DESCRIPTION OF THE TASK: Write out the full listing exactly as given, minus the images.

DATASET EXCERPT:
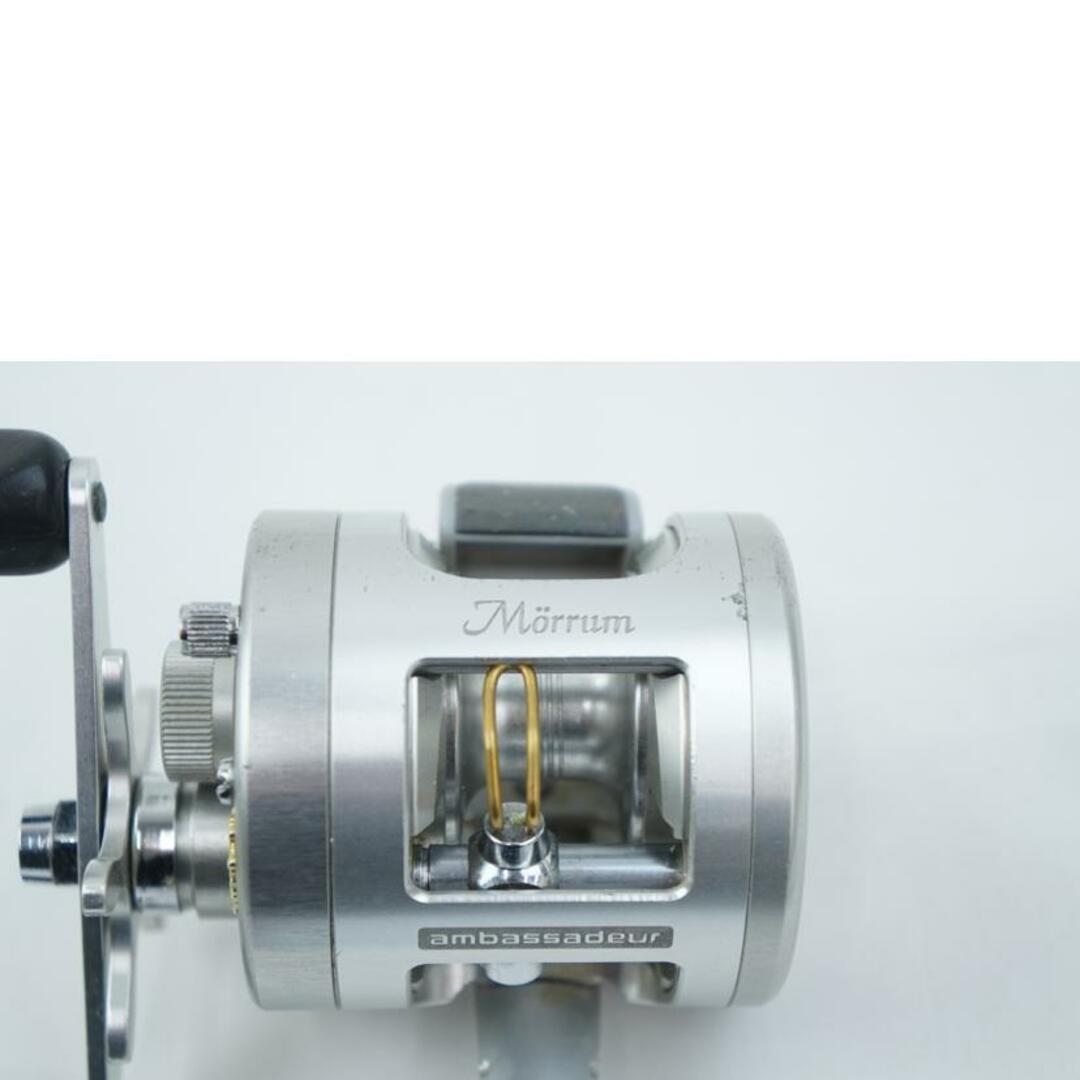 ABU Garcia アブガルシア/ベイトリール/モラム SXI600C/ABランク ABU Garcia アブガルシア/ベイトリール/モラム SXI600C/ABランク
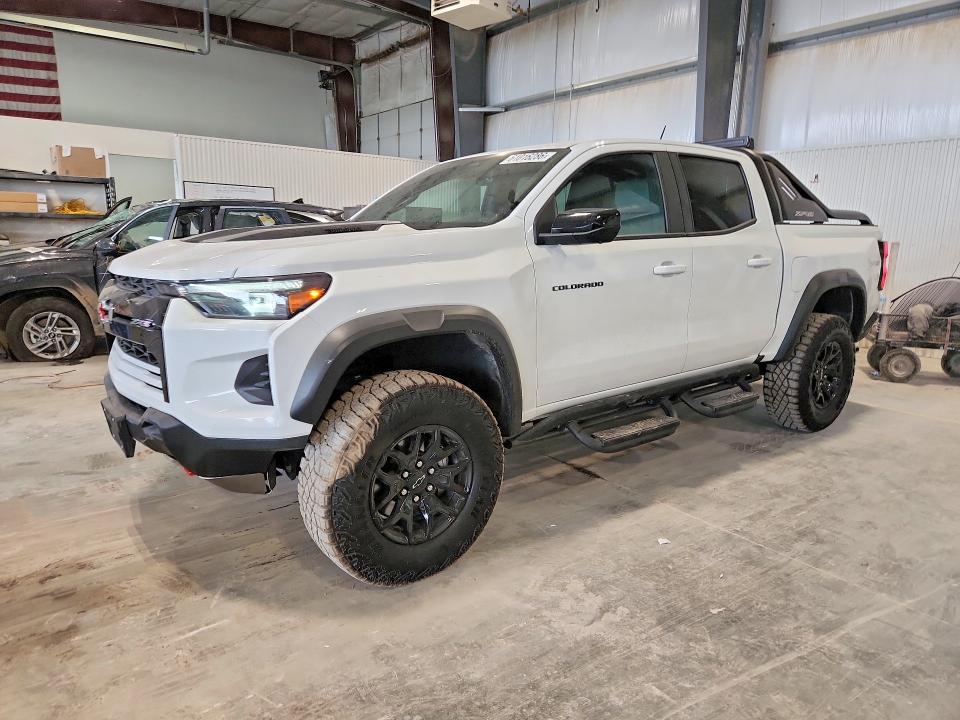 Aukcja sprzedaży 2025 Chevrolet Colorado, vin: 1GCPTFEK4S1229829, numer aukcji: 61016286
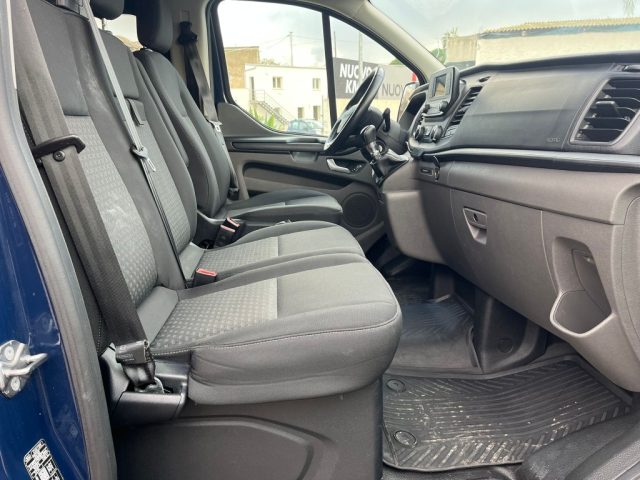 FORD Transit Custom usata 18
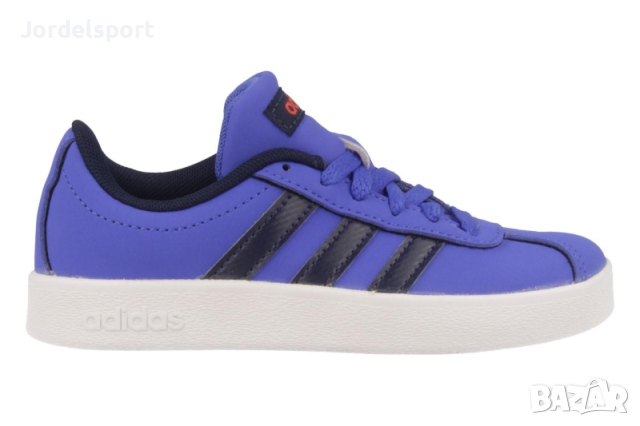 Детски маратонки Adidas VL Court 2.0, снимка 1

REPLY TO THE TASK:
 ABU Garcia アブガルシア/ベイトリール/モラム SXI600C/ABランク ABU Garcia アブガルシア/ベイトリール/モラム SXI600C/ABランク
 Aukcja sprzedaży 2025 Chevrolet Colorado, vin: 1GCPTFEK4S1229829, numer aukcji: 61016286
 FORD Transit Custom usata 18
 Детски маратонки Adidas VL Court 2.0, снимка 1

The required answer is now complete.